On this issue, Hobbes’ unreflective naïveté concerning factors determining the subsequent impact of political myths represents both a theoretical and pragmatic failure. In response, Schmitt asserts the need for a more attentive, systematic and reflective approach. For his part, Schmitt seeks to correct Hobbes’ naïveté and omission by taking far more seriously his graphic depiction on the front cover of Leviathan. That is, an image of a sovereign figure poised above two fields of symbols signifying the unification of temporal and ecclesiastical powers under the authority of the modern state. Schmitt’s corrective work of supplementing Hobbes, which itself clearly operates within a broadly Hobbesian framework, aims to systematically compare the various associations attached to the idea of leviathan with Hobbes’ own goals.

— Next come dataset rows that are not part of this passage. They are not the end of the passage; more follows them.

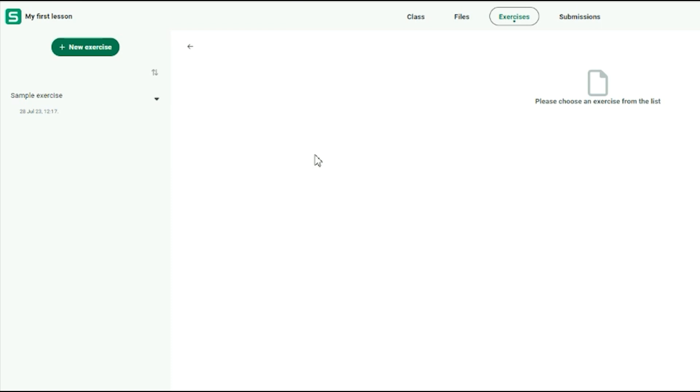After the exercise is shared, it can be accessed by any student who connects to the session. This means you can create exercises that your students complete on their own, either during class or in their own time.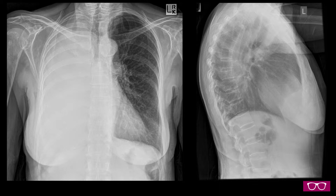Looking at the lateral projection, we can see that there is no right hemidiaphragm or right costodiaphragmatic margin, suggesting that these structures are opacified secondary to pleural fluid.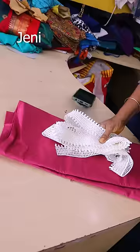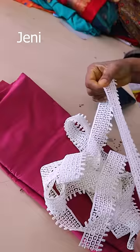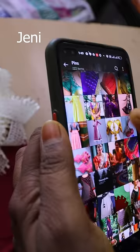Hi friends, what are we going to do now? I'm going to tell you about a frock model. I'm going to use this material for the frock model. This is my model.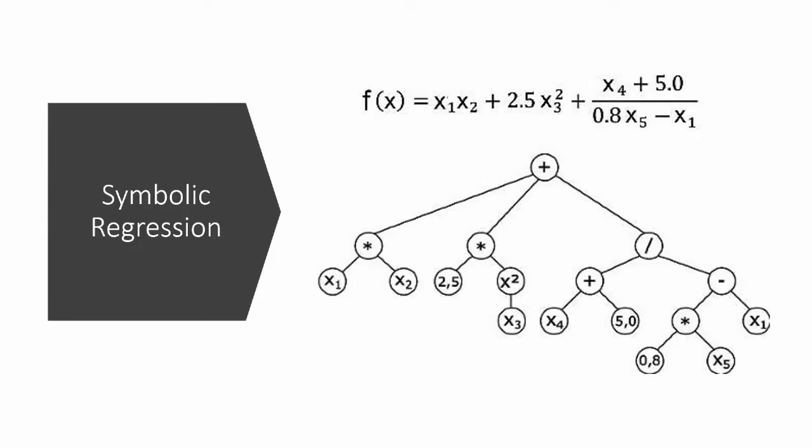Symbolic regression is about rather than trying to find the parameters that fit best, you try and find the symbols that work best to give you your outcome. So here this is a symbolic regression tree and you can see that this equation is represented here.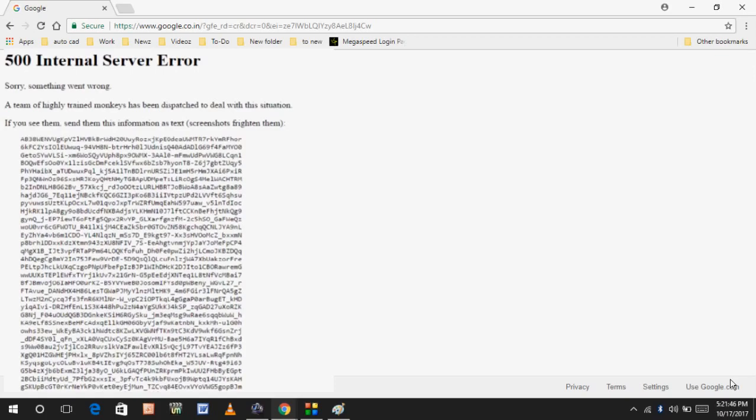For example, you can see in the screenshot, whenever you are browsing YouTube, you get this type of error. So follow my easy and simple steps to fix this error.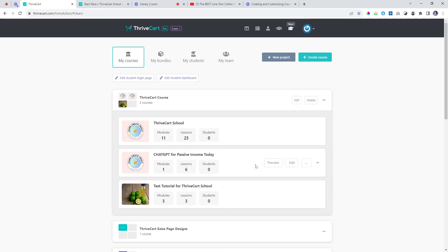We've just created a course — that was the test tutorial — this is for making lime juice and lime cocktails. Now we're thinking we're going to sell some of these products.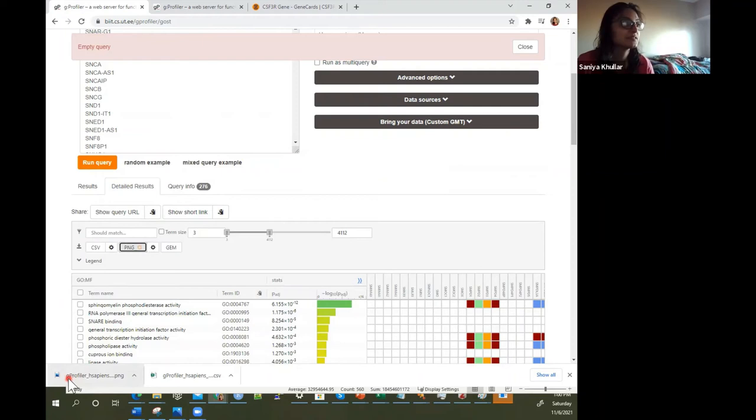We can save the PNG — a snapshot of the results — and we can also have the CSV downloaded for all these enrichment results.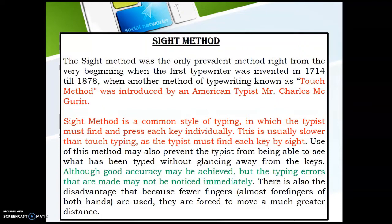The sight method is slower because the typist has to look at where each key is located before typing. This level of typing is very slow, as the typist must find each key. Use of this method may also prevent the typist from being able to see what has been typed without glancing away from the keys.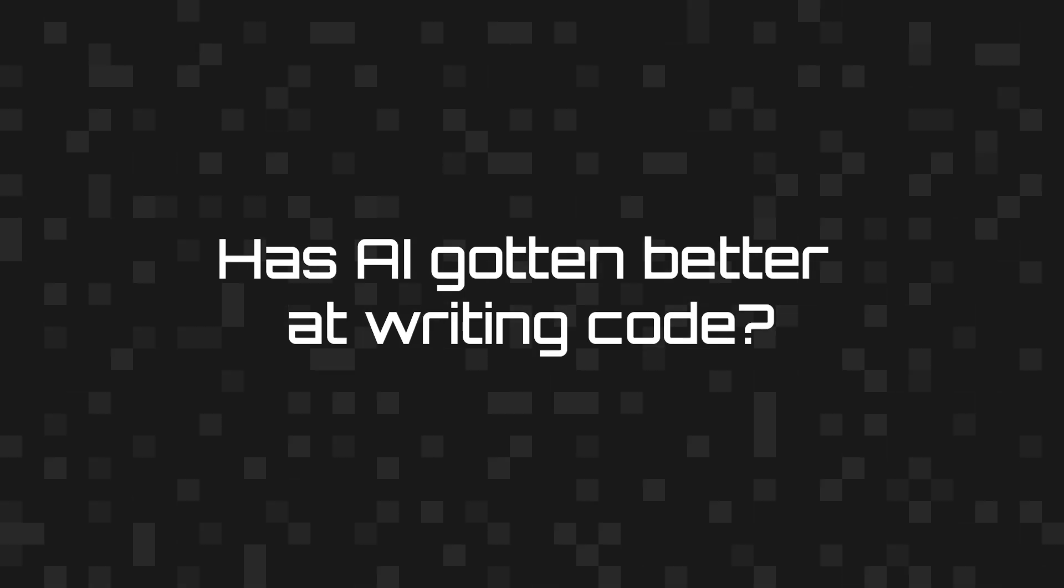I did an episode on Claude not that long ago where I was talking a lot of smack about it. I was talking about how Claude will gaslight you into thinking that it's written and executed code, but it will actually just tell you what it thinks the result will be without ever running the code. This is a problem, right?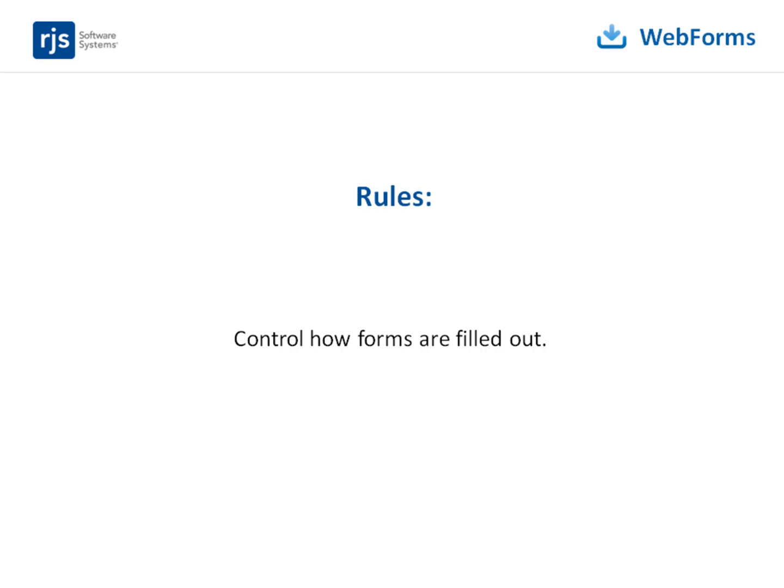This video introduces you to how you can use rules in web forms when you design a form. When you use rules designing a form, you can then have control over how a form is filled out.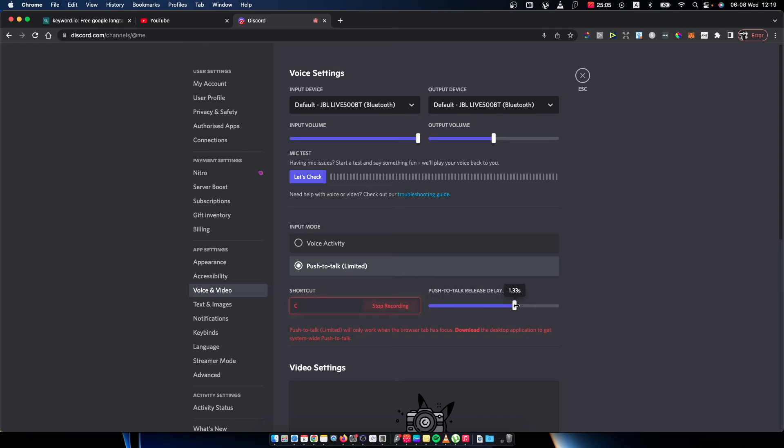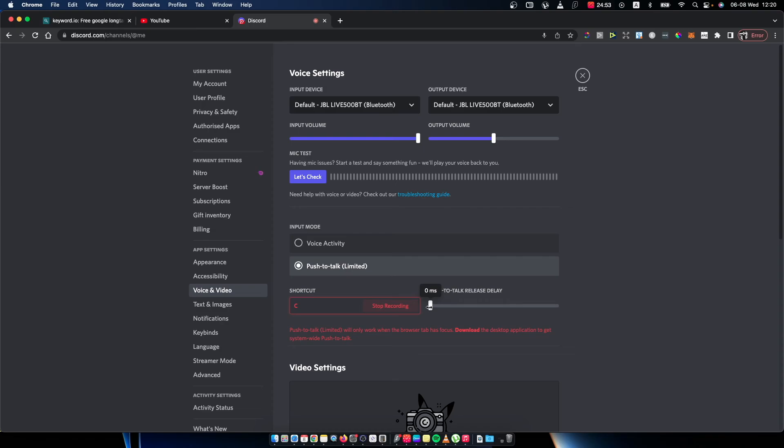As you can see here, you can make up to two seconds when you release the button people on your team will hear you. So you can adjust that. If you want to just release the button and sound will stop, you just need to hold it on zero.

Correcting Hobbes: contrasting meanings of leviathan
To realise his project as already discussed in outline, Schmitt’s 1938 study corrects Hobbes’ carelessness concerning the choice of political symbolism and whether leviathan is consistent with, or wholly counterproductive for, the realisation of his wider theoretical project. He does so by retracing the various Biblical and other associations of the leviathan as a ‘powerful mythical representation as a huge water animal … as a ‘tremendous sea monster … sea dragon’. The latter has sometimes been depicted as caught up in a life and death struggle with the associated mythical symbol of the land monster behemoth, itself often culturally represented as a bull or elephant (Schmitt 1996b: 6).
Schmitt’s specifically biblical analysis, which encompasses Isaiah (27:1), Psalms (74:14, 104:26) and Job (3:8), recognises the sheer historical diversity of leviathan’s mythic representations. These include its transformation from a serpent or dragon ‘representing a dangerous force to a downright foul fiend’ (Schmitt 1996b: 6). He argues that, as an authentic living myth, ‘a wealth’ of various reformulations of the leviathan have exhibited an enduring symbolic power transcending their original biblical context, including mythical depictions relating to the slaying of sea dragons. Drawing on the Old Testament, Schmitt shows leviathan to have been widely interpreted as a sea monster and a whale that vanquishes its land-based counterpart behemoth.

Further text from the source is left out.